Who upheld the right to faith and its practice and immortalized the Guru’s message in the age of Kaliyug.
Today, we remember the martyrdom of Guru Teghbahadar Sahib and his three devoted Sikhs. In Sikh history, Sahib Guru Tehgbahadar, the sword-warrior, is described with great reverence. In our attempts to praise the Guru, we use various adjectives such as Sword-Warrior, Recluse, Sovereign-Mentor, Mediator-Diplomat, and Savior-Martyr. However, when faced with the infinite persona of the Guru, which transcends human comprehension and expression, words often fall short.
In our efforts to understand, we sometimes limit the Guru's multifaceted personality by trying to confine it within temporal stereotypes. As we commemorate the Guru's martyrdom, let's remind ourselves of the limitless facets of the Guru's personality.
As a Sword-Warrior, the Guru set remarkably high standards of warrior skills while maintaining a deep love for IkOankar (detached - udas). However, the Guru chose to live a low-profile life for twenty years in Bakala before assuming Guruship, even though the Guru never abandoned panthak (community) life. As the Guru, he continued to nurture Sikh sovereignty (millat), as documented in contemporary historical records (Haqiqat-e-Banau Uruj-e-firqa-i-Sikhan, 1783). As a Mediator-Diplomat, he played a pivotal role in brokering peace between the warring Ahoms of Guwahati and the Mughals. As a Savior-Martyr, he exemplified practicing one's faith as a Sovereign without fear.
So, how can we contextualize such a transcendent personality in our lives? Let us not forget the Guru's own revelations, which describe a personality that is aware, loving, detached, humble, fearless, and sovereign all at once—a harmonious blend of life's contradictions.
As we do so, we also mark the ascendance of the “Rider of the Blue Steed,” the Father of the Sikh Panth, the upholder of liberty and justice, Guru Gobind Singh Sahib, to Guruship, who ultimately realized Guru Teghbahadar Sahib’s personality in the body of the Khalsa (collective of the initiated Sikhs).

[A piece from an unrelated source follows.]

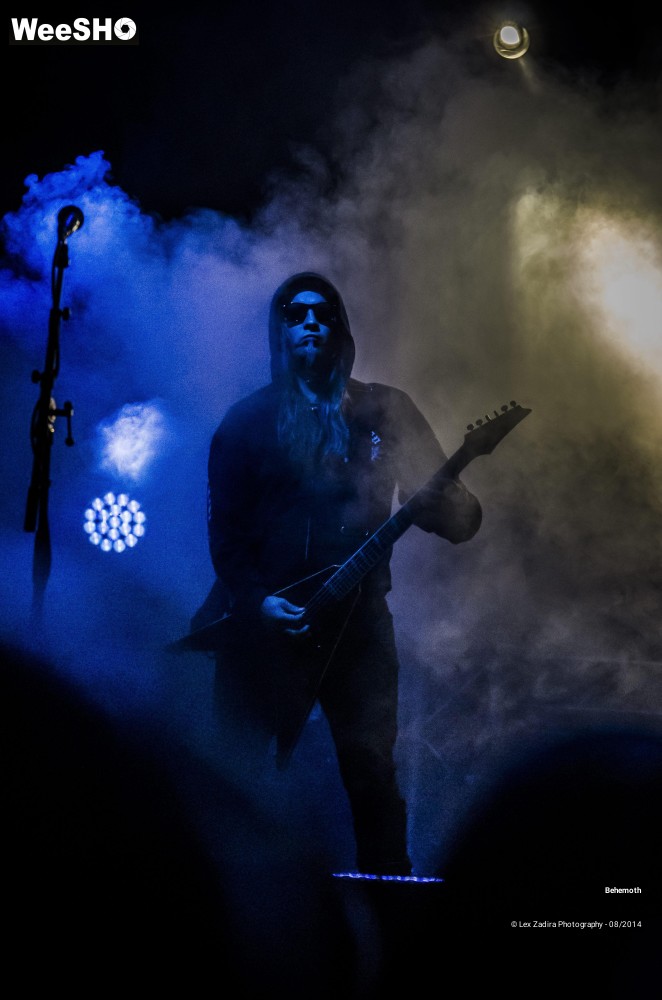 4/12 photos du spectacle Behemoth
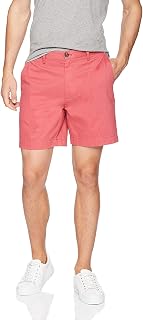 Amazon Essentials Men's Classic-Fit 7" Short Shorts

Let’s commemorate this day by reflecting on the Sabad of the Guru:
Neither bothered by pain or fear, nor distracted by attachment or wealth,
Beyond praise, slander, greed, and pride,
Unmoved by happiness, sadness, honor, or dishonor,
Forsaken hope and expectation and not given to the worldly ways,
Untouched by lust or wrath, that individual is an abode of the Creator,
On whom the Guru’s grace befalls learns this way.
O Nanak, like water in the water, that person is merged with the Source.